One topic that neither you nor Dr. Becker have touched upon is the possibility that that low-income individuals have different marginal rates of time preference than higher-income individuals. I am wondering whether there exists a correlation between quality of life and one's willingness to "borrow" against future health. It seems reasonable that a person with little to look forward to might discount the future more heavily than others and show less concern about maintaining good health.


Katherine overlooks that those in good health have more to look forward to because bad health affects mood.


DanC: W says that the government imposes on him a health care system that he does not like so he has the right to impose his views of good and bad on others.

That's a strange synthesis of a mischaracterization of two independent arguments I made.

True enough, imposing externalities on others, e.g., your kids, can be immoral ("Let's raid Johnny's college fund to pay for meth.") But my assertion that externalities should be internalized is not based on sectarian morality nor is sectarian morality the justification for limiting government action to efficient provision of public goods.

I never said "the government imposes on me" anything. "The government" to you is apparently a deity with its own freedom of action.
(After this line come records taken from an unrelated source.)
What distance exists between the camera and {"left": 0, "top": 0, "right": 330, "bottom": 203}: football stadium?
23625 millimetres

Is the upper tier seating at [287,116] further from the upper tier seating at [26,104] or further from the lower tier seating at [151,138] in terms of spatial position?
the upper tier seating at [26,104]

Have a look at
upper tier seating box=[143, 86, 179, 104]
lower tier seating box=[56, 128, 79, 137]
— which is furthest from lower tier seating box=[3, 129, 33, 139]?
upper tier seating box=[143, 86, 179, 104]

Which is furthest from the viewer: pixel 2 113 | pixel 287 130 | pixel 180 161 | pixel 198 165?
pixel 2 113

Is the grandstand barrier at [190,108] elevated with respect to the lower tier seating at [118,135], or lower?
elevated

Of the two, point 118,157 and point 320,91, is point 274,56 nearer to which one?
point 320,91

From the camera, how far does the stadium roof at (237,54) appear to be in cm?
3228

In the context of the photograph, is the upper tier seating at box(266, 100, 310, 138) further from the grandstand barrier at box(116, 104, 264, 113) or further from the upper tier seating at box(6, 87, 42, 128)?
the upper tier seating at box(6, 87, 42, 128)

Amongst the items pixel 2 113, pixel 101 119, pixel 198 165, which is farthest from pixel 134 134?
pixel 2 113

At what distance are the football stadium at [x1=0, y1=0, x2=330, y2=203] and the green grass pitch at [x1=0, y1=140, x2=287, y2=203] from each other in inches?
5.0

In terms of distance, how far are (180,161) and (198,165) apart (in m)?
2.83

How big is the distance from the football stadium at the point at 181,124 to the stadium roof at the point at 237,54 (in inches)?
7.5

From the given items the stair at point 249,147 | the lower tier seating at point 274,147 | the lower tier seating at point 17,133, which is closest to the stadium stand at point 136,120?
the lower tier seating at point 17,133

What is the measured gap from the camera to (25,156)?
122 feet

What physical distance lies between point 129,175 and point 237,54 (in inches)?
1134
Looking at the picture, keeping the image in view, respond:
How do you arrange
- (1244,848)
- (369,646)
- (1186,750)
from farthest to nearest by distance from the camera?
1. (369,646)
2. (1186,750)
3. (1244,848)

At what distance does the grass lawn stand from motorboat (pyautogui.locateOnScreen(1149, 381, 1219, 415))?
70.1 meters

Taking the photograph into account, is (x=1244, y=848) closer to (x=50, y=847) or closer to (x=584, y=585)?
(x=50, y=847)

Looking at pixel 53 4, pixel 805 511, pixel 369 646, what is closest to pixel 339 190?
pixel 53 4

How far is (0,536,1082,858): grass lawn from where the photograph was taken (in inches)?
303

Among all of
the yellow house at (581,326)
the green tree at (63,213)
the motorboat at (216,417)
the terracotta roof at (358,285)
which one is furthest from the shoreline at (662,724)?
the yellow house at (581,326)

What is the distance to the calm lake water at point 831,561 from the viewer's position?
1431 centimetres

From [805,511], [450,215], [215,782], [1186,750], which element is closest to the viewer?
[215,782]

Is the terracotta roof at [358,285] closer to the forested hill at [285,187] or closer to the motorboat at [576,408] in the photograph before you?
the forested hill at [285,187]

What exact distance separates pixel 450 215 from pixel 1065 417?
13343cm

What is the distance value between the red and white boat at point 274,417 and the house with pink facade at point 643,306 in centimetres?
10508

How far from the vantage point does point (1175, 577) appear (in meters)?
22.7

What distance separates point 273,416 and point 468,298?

In reality "the government" simply consists of the mass desires of the people limited by generally accepted considerations of fairness. My problem is not with some deity that you believe in called "the government" but with the other people in this society who are shifting their health care costs onto me. It is not a "government" imposition -- it's an imposition by fat people.

It is true that if "the government" had lesser power over health care or taxation, fat people wouldn't be able to shift their health care costs on to me. But it is also true that "the government" is currently constituted the way it is. Instead of denying reality, I am responding to it and articulating an argument for a change from the status quo that will improve my lot. If you had read my argument, you would see I am not arguing for bigger "government" in the least -- my proposal is at least offsetting.

I fail to see how protecting my bedroom safe from the theiving intent of the fat (a tyrannical majority if ever there were one) somehow conflicts with the notion that the state has a basic duty to protect its citizens, i.e., the Nightwatchman State. http://en.wikipedia.org/wiki/Night_watchman_state

I'll also note that "Libertarian Paternalism" -- apparently -- does exist, and that left-libertarianism is a coherent philosophy.

Libertarian Paternalism: http://uchicagolaw.typepad.com/faculty/2006/10/sunstein_podcas.html

Left-Libertarianism: http://en.wikipedia.org/wiki/Left-libertarianism

A book on left-libertarianism: http://www.amazon.com/Libertarianism-without-Inequality-Michael-Otsuka/dp/0199280185/sr=1-1/qid=1160972894/ref=sr_1_1/102-7693810-2105745?ie=UTF8&s=books

Apparently, you flunked Libertarianism 101.